Any ideas before I pull the plug!


----------



## gortiz (Mar 27, 2006)

Well, I finished off the racks on a grill using indirect heat, and wrapping them foil. I was really surprised how "good" they ended up.  But I'm still very dissapointed.

I started off with 2 large wood chunks and the heat was not getting up to the 225 range.  I was trying to be paitent and the smoker hovered at 180F for awhile and finally I added a bunch more chunks.  The heat then skyrocketed, and a few chunks caught fire. Not sure why the chunks caught fire, but I'm sure this is why the heat got up so high, so I'm still not sure how to get the heat up with out causing a fire.

Possible problems - not enough chunks to get the heat up, I was using a heavy duty albeit,long extension cord, the outdoor weather temp was a chilly 50 degrees.  Was I supposed to get the smoker up in temp before adding the racks to the smoker?  I had two racks on the top grate and one on the bottom grate?
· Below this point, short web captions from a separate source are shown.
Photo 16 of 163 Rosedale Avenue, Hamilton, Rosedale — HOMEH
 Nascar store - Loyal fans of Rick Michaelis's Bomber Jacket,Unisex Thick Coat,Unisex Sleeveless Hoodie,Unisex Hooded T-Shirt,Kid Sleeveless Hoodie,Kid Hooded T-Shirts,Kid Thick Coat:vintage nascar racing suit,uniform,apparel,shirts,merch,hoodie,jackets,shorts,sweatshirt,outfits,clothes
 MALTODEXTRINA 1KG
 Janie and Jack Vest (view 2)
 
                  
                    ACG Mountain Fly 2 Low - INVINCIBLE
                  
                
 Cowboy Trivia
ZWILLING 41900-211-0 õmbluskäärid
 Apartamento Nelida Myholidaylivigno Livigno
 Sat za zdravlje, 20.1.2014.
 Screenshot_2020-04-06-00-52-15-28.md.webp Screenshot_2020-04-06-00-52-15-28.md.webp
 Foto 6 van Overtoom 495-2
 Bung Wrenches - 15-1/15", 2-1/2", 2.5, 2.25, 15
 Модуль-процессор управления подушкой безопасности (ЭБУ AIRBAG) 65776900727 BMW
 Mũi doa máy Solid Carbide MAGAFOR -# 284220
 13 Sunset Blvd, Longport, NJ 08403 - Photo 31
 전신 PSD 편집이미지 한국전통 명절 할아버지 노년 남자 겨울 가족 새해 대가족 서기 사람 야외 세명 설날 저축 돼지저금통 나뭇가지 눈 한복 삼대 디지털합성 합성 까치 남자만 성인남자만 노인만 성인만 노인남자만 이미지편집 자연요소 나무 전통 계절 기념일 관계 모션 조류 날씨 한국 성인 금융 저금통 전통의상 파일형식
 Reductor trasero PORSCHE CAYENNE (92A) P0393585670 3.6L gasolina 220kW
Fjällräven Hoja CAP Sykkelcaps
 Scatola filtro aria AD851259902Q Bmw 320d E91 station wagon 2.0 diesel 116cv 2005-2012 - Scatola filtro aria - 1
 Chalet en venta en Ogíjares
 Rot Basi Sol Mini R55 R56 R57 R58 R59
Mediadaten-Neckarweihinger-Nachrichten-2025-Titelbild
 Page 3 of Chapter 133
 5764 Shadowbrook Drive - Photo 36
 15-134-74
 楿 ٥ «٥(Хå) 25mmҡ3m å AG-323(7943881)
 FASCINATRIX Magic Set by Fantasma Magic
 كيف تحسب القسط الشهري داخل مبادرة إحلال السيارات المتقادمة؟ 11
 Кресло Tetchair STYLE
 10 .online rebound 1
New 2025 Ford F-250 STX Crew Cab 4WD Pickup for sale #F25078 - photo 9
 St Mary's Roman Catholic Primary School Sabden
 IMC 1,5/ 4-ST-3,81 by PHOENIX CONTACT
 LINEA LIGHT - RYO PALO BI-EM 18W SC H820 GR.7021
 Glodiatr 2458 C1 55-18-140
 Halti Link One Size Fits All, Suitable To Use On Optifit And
any help would be appreciated!

thx


----------



## larry maddock (Mar 27, 2006)

yo gor dude,
what kind or smoker are u using??


----------



## gortiz (Mar 27, 2006)

I feel like Ralphy from "A Christmas Story" giving the specs on his BB gun!  :lol: 

Its a Meco 5030 Electric Smoker with a Water pan, 2 grilling racks, damper vents on the hood, adjutable heat source (High/Med/Low) and thermostat that reads, Warm/Ideal/Hot.  The manual requests wood chunks.


----------



## cheech (Mar 27, 2006)

Gortiz- We love pictures here. Can I talk you into posting some for us to look at?


----------



## Dutch (Mar 28, 2006)

Just don't let anyone "Double Dog Dare ya" into licking the flag pole in the middle of winter!!  :shock:  :D  8)


----------



## legerdemain (Mar 30, 2006)

Not real familiar with electric models, is there a way you can increase the heat?


----------